The Minister then referred the matter to the Samoa Airport Authority CEO Silimanai Ueta Solomona, but the former said his office did not get any complaints from their former tenants.

“We know of only one tenant that operated a caravan in the carpark area and that business continues to operate in the new terminal,” said Silimanai.

“The establishment you refer to, submitted a proposal and was accepted by Samoa Airport Authority. In response to ‘favoritism’, Samoa Airport Authority considers all proposals favorably in as long as it aligns with the objectives of Samoa Airport Authority’s strategic plans and meets the needs of her guests and employees.”

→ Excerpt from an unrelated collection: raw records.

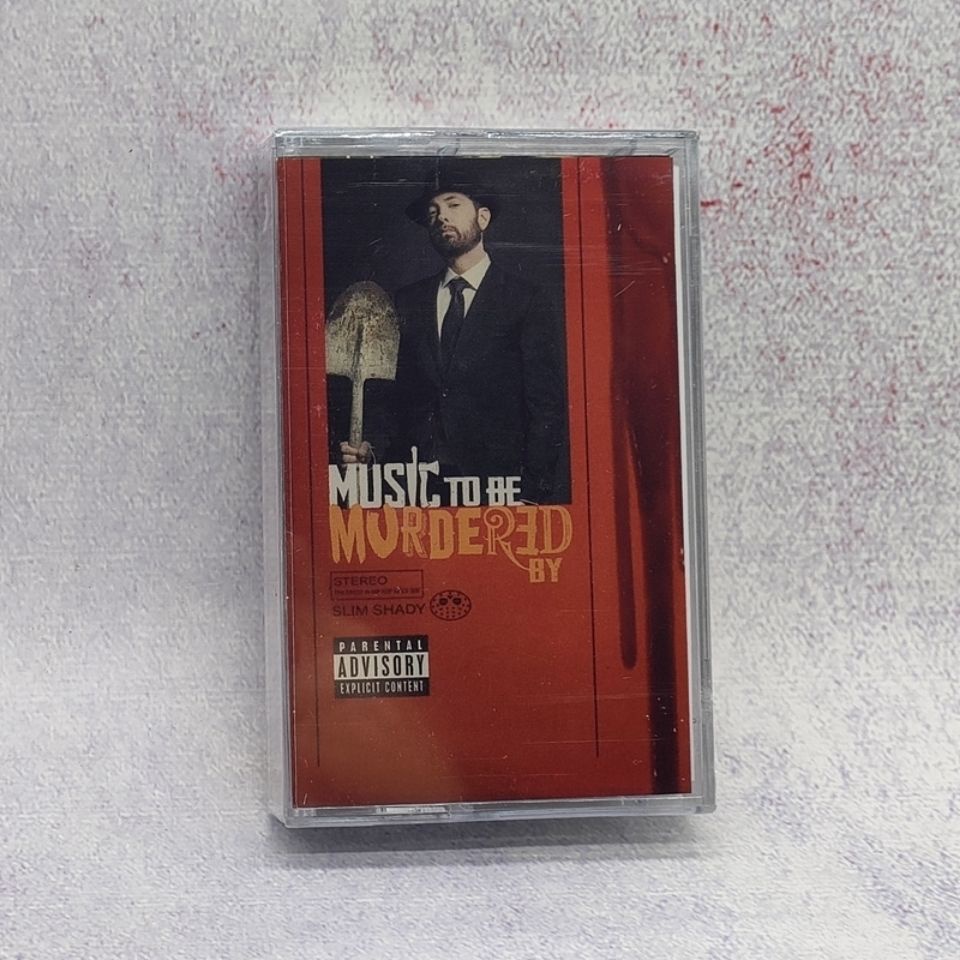 (เทป Cassette)EMINEM Music To Be Murdered By Cassette Tape Album Case Sealed(A07)(YQ01)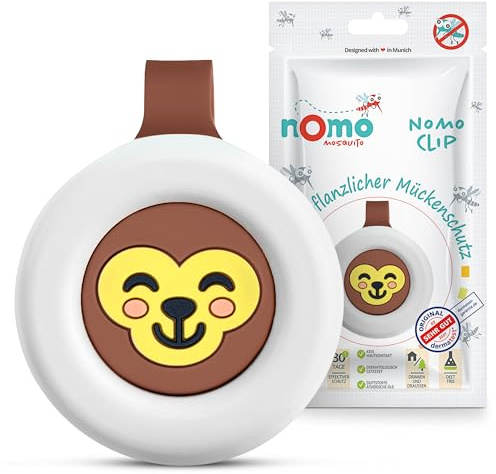 nomo MOSQUITO Anti Mücken Clip • Rein pflanzlicher Mückenschutz für Baby & Kinder • Insektenschutz Clip gegen Mücken, Moskito & Insekten • 30 Tage Wirkung • BPA-frei & ohne DEET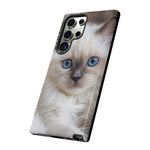 Ragdoll Kitten Phone Case, Blue Eyes Macro Portrait Cover, Gift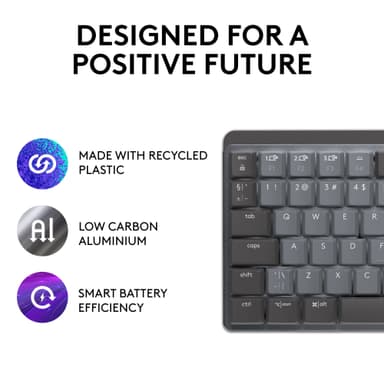 Logitech MX Mechanical Mini trådløst tastatur (grafitt)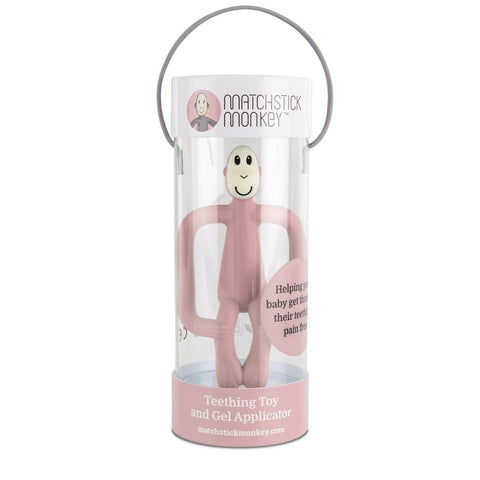Matchstick Monkey Dusty Pink Original Teether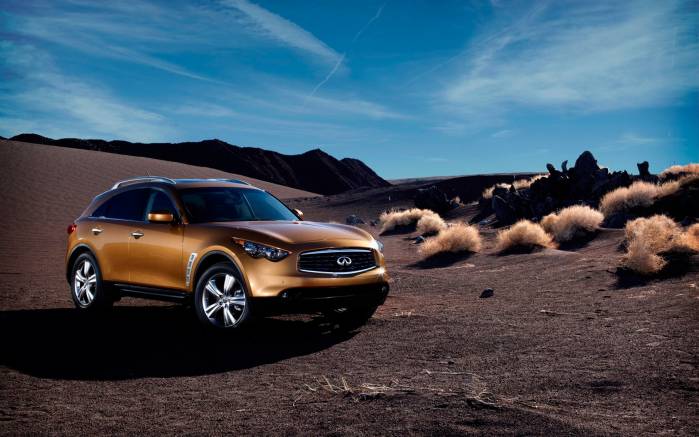 Широкоформатные обои Infiniti FX35, В пустыне Инфинити (Infiniti FX35)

The response by the Minister and the SAA CEO – based on my interpretation – means that there are no special concessions given to locally-owned businesses, when it comes to investment opportunities such as this. 

The position of the Ministry and the SAA to award this and other contracts to the highest bidder has downsides: locally-owned entrepreneurs get to miss out on investment opportunities, and you open the door to increasing foreign ownership of local businesses, further marginalising local entrepreneurs.

Perhaps a review of Samoa’s Reserved List by the Ministry of Commerce Industry (MCIL) and Labour is timely, in light of public concerns at the alarming expansion of foreign-owned retail outlets in Apia.

In February this year there were concerns in Samoa that foreign investment enterprises were the only beneficiaries of the Government’s business assistance scheme. But the MCIL Assistant CEO (industry development and investment promotion, Fiu Jacinta Matulino, denied there was favouritism.

“The Ministry reaffirms that there are no favoritisms, and that all eligible businesses inclusive of local businesses, are entitled to the assistance schemes administered by the Ministry,” she told this newspaper back then. 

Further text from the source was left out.